Review: The Fifth Estate
This interesting but underdone drama ultimately tells us far less than we’d like to know about Julian Assange
Film Title: The Fifth Estate
Director: Bill Condon
Starring: Benedict Cumberbatch, Daniel Brühl, Anthony Mackie, David Thewlis
Running Time: 128 min
As long ago as War Games (1983), cinema was seen to get flustered in the face of this new-fangled, whatsit computer business. By Hackers (1995), the elder medium’s inadequacies had coalesced into a full-blown crisis. There was no easy way for film to represent computers and computing. And when it came to the internet, the 10th muse was not waving but drowning.
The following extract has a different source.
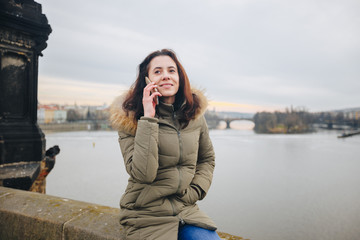 Fototapeta na wymiar Smiling tourist woman in Prague speaking on smartphone. Young woman tourist stands on the Charles Bridge in Prague in the Czech Republic uses phone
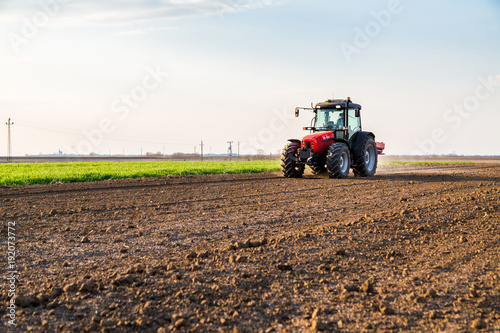 Farmer fertilizing arable land with nitrogen  phosphorus  potassium fertilizer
Not quite. The Fifth Estate works awfully hard to represent such corporeally challenged notions as sock puppets and denial-of-service attacks. Working from a screenplay by Josh Singer (Fringe, The West Wing), Twilight sequel director Bill Condon visualises empty, snowy rooms and batches of multiple (about damned time) Benedict Cumberbatches in a glossy, dreamy, corny way that reminds the viewer of, well, the Twilight sequels.
By now you know the plot: Berliner boffin Daniel Domscheit-Berg (Daniel Brühl) is charmed by charismatic Assange into working for Wikileaks, a non-profit platform for anonymous document leaking. Once Assange’s quest against secrecy attracts admirers and prominent leeches – take a bow, newspapers of the world – his controlling, petulant tendencies become increasingly apparent.
Carting around a big broken bromance, The Fifth Estate really, really wants to be All the President’s Men when it grows up. To this end, the final section gains an impressive dramatic momentum, and Cumberbatch and Brühl certainly match the mad skills of Hoffman and Redford.
They are, unhappily, hampered by a narrative that relies heavily on such unlovely, sexist movie clichés as Nagging Girlfriend and on the tired notion that we’re watching Assange through the eyes of a disgruntled former employee.
Cumberbatch, against the odds, brings an Asperger cool to the Wikileaks founder. But we might, one feels, learn more about Julian Assange by staring at the walls of the Ecuadorian Embassy in London where he currently resides.
No whistles were blown during the making of this movie: what a shame.